LONDON (Reuters) – One in five people in war zones has depression, anxiety, post-traumatic stress, bipolar disorder or schizophrenia, the World Health Organization said on Tuesday, with many suffering severe forms of these mental illnesses.
FILE PHOTO: A woman sits on a bench overlooking Aleppo’s ancient citadel and the old city, Syria April 13, 2019. REUTERS/Omar Sanadiki/File Photo
The findings highlight the long-term impact of war-induced crises in countries such as Afghanistan, Iraq, South Sudan, Syria and Yemen, the UN’s health agency said, and the numbers are significantly higher than in peacetime populations, where around one in 14 people has a mental illness.
“Given the large numbers of people in need and the humanitarian imperative to reduce suffering, there is an urgent need to implement scalable mental health interventions to address this burden,” the research team said.

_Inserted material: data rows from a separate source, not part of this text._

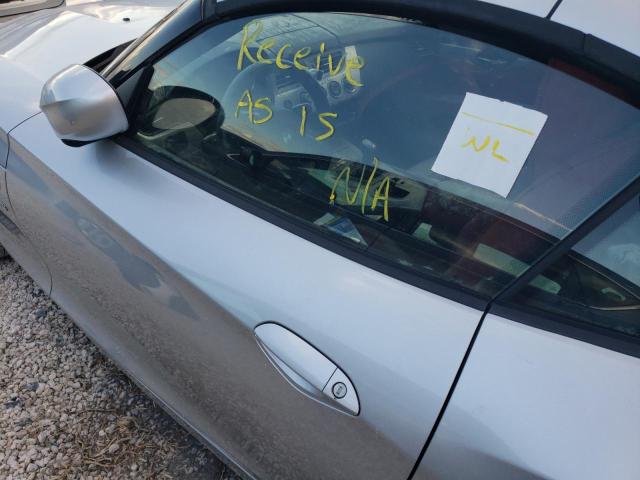 WBALL5C5XDE717228 - 2013 BMW Z4 SDRIVE2 Srebrny zdjęcie 9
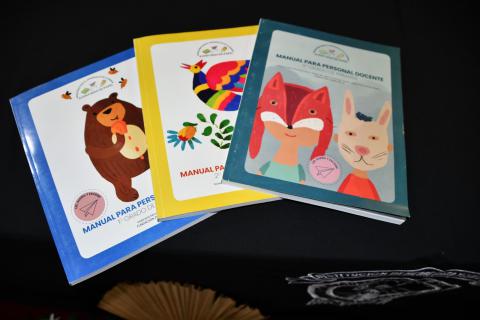 La Secretaría de Educación y Deporte (SEyD), en alianza con organizaciones de la sociedad civil, inició con la implementación del programa “Leer, Escribir, Comprender”, para fortalecer la lectura y escritura en estudiantes de primero a tercer grado de primaria.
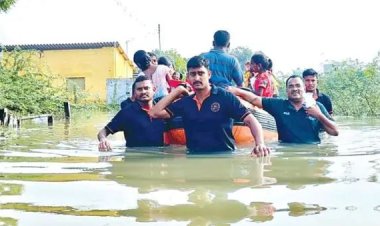 தென்மாவட்டங்களில் வெள்ளத்தில் சிக்கிய 21,036 பேரை மீட்ட போலீஸார்: டிஜிபி சங்கர் ஜிவால் பெருமிதம்!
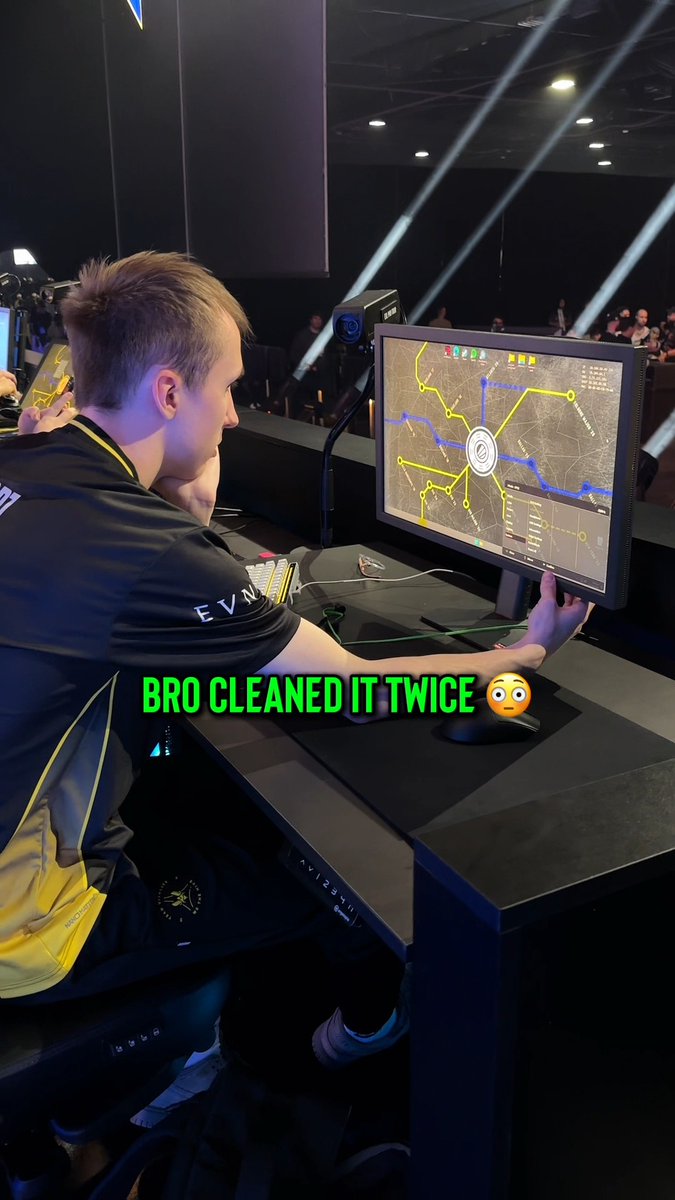 Bro had to clean his monitor twice 🫧🪥 ropz #IEM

Mark van Ommeren, a mental health specialist at the WHO who worked on the team, said the findings “add yet more weight to the argument for immediate and sustained investment, so that mental and psychosocial support is made available to all people in need living through conflict and its aftermath”.

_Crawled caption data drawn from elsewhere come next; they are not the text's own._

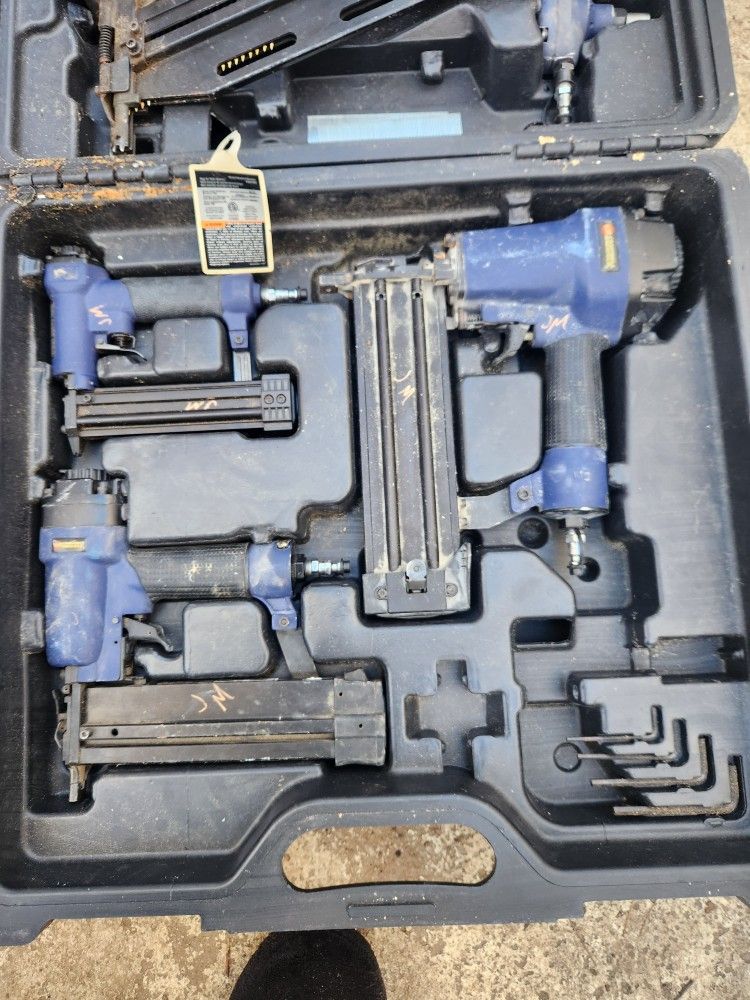 Pneumatic Nail Gun Set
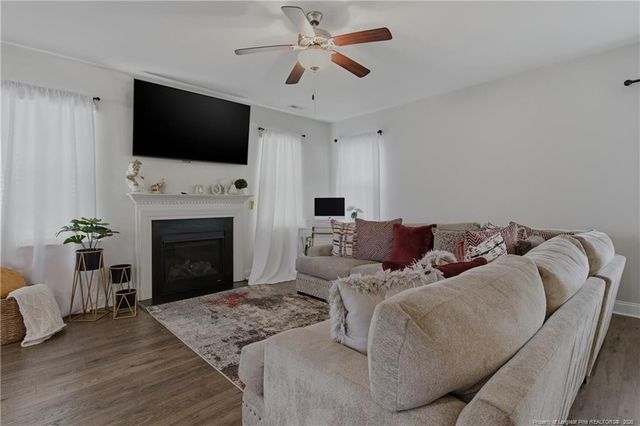 264 Heatherwood Drive, Lillington, NC 27546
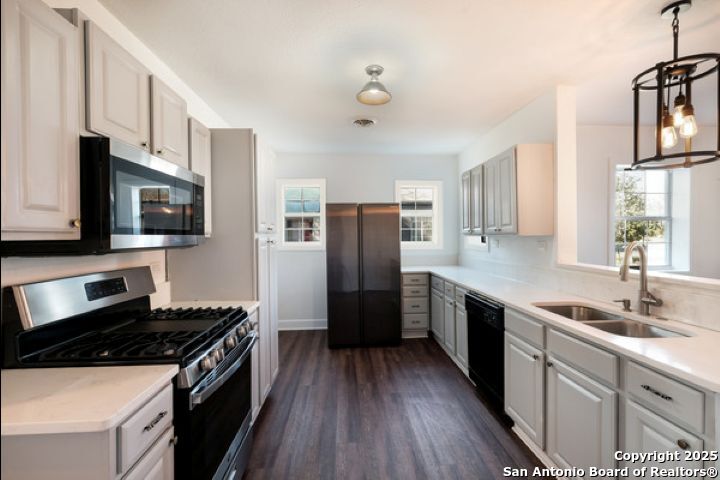302 Shadwell Drive San Antonio TX 78228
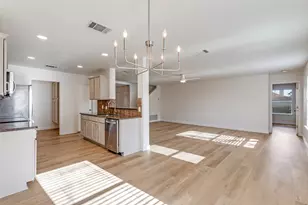 109 Orange Tree Ln, Georgetown, TX 78626 - Photo 7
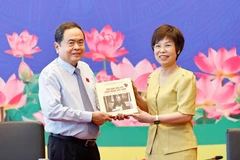 La directora general de la VNA, Vu Viet Trang, obsequia al presidente de la Asamblea Nacional, Tran Thanh Man, el libro de fotografías bilingüe vietnamita-inglés "100 años de la Prensa Revolucionaria de Vietnam (1925 - 2025)". (Foto: VNA)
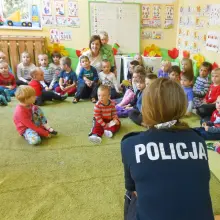Zobacz zdjęcie: Komisarz Lew u przedszkolaków w Gromadce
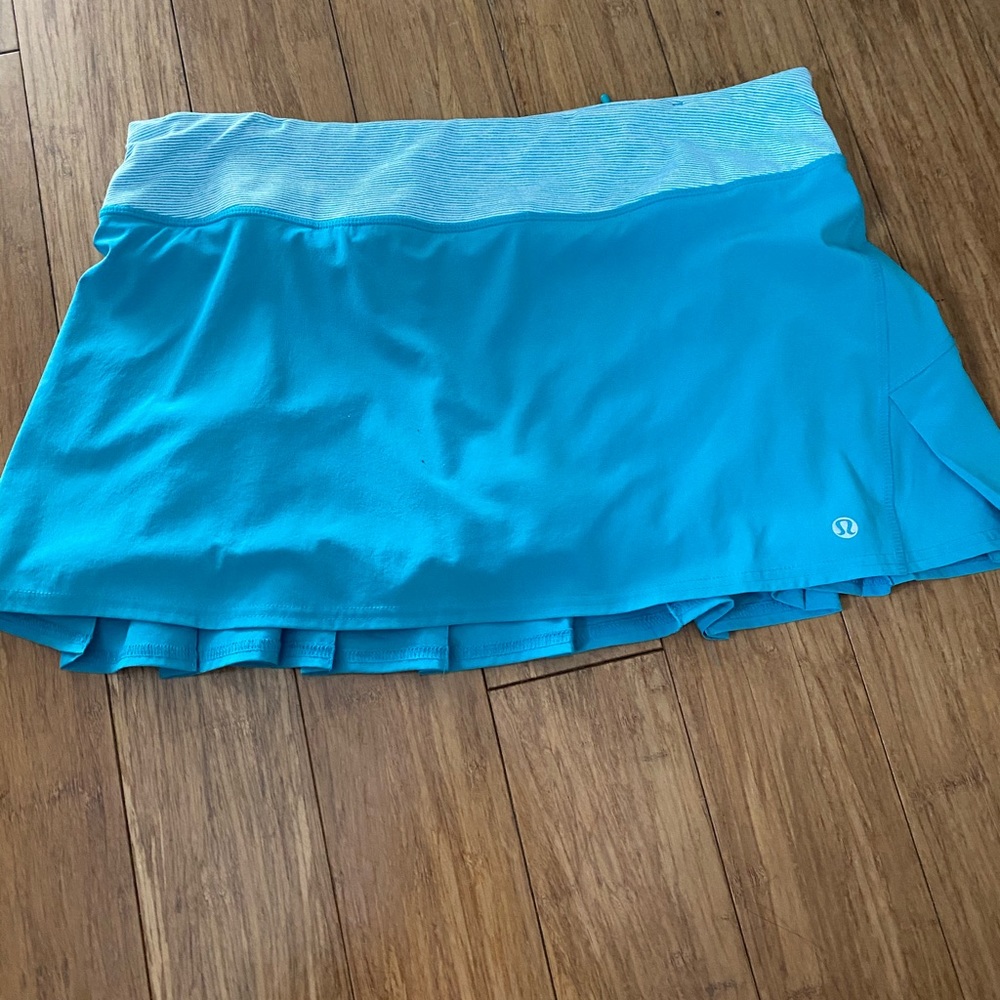 Lululemon energy skirt size 8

In 2016, the number of ongoing armed conflicts reached an all-time high of 53 in 37 countries and 12% of the world’s people are living in an active war zone, according to United Nations figures. Since World War Two, almost 69 million people globally have been forced to flee war and violence.

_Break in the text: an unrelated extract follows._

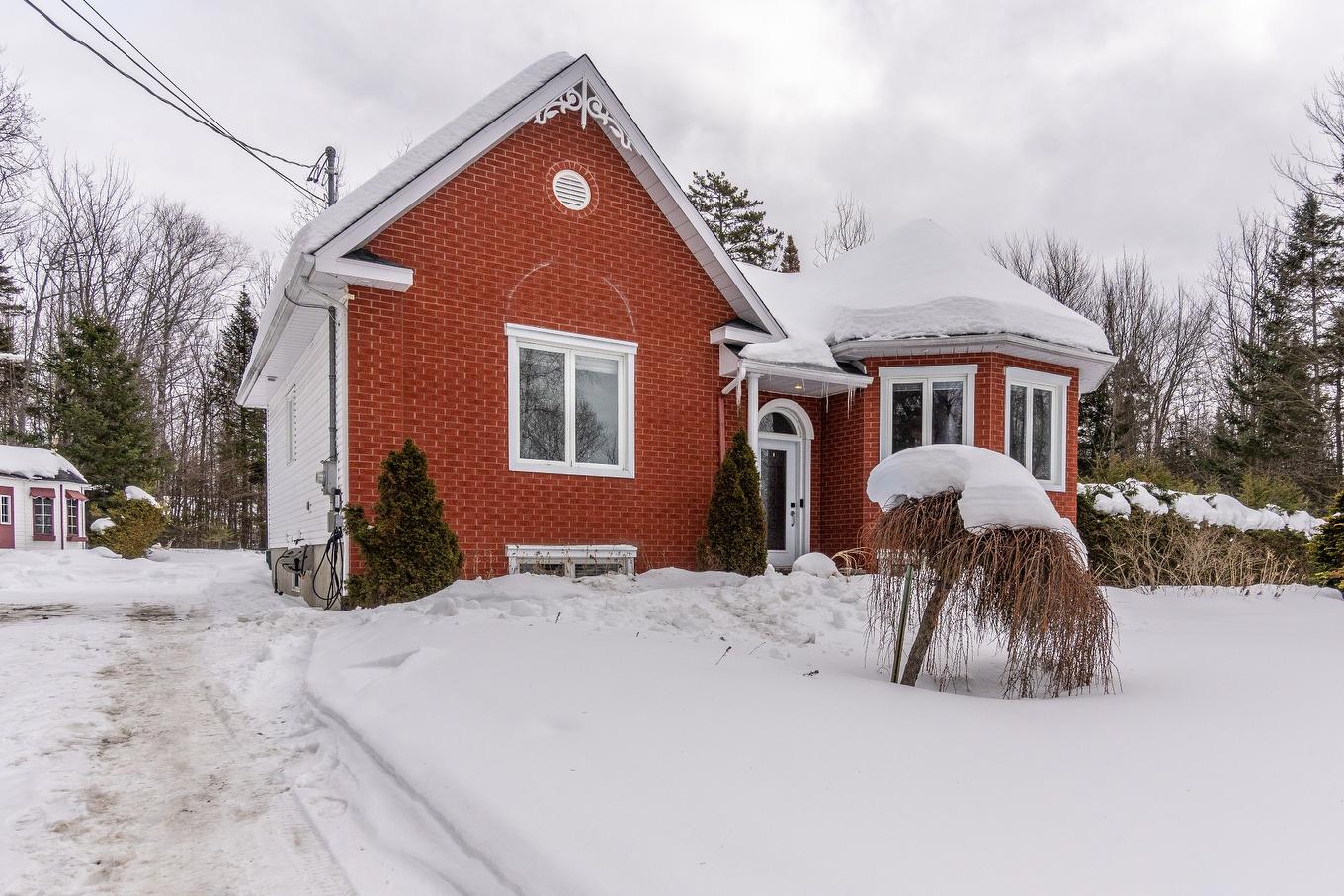 Frontage - 390 Rue Du Val-Des-Arbres, Sherbrooke (Brompton/Rock Forest/Saint-Élie/Deauville), QC - Outdoor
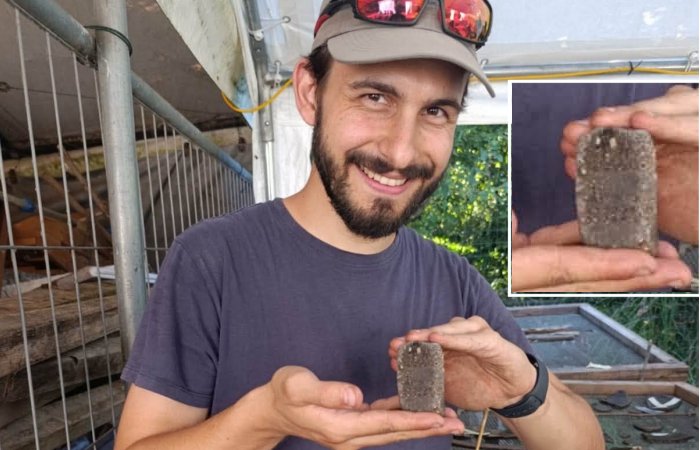 Another Mysterious 4,000-Year-Old Undeciphered Tablet Found At The Lucone Site, Italy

The WHO’s conflict mental health study, published in The Lancet medical journal, was carried out by a team of researchers from the WHO, Australia’s Queensland University, and the Institute for Health Metrics and Evaluation at the University of Washington and Harvard University in the United States.
It analyzed research from 129 studies and data from 39 countries published between 1980 and August 2017.
Regions that have seen conflict in the last 10 years were included and mental illnesses were categorized as either mild, moderate or severe. Natural disasters and public health emergencies, such as Ebola, were not included.
Overall in war zones, the average prevalence was highest for mild mental health conditions, at 13%. Around 4% of people living amid armed conflict had moderate mental health illness, and for severe conditions the prevalence was 5%.
The study also found that rates of depression and anxiety in conflict settings appeared to increase with age, and depression was more common among women than men.
The study was funded by the WHO, the Queensland Department of Health and the Bill & Melinda Gates Foundation.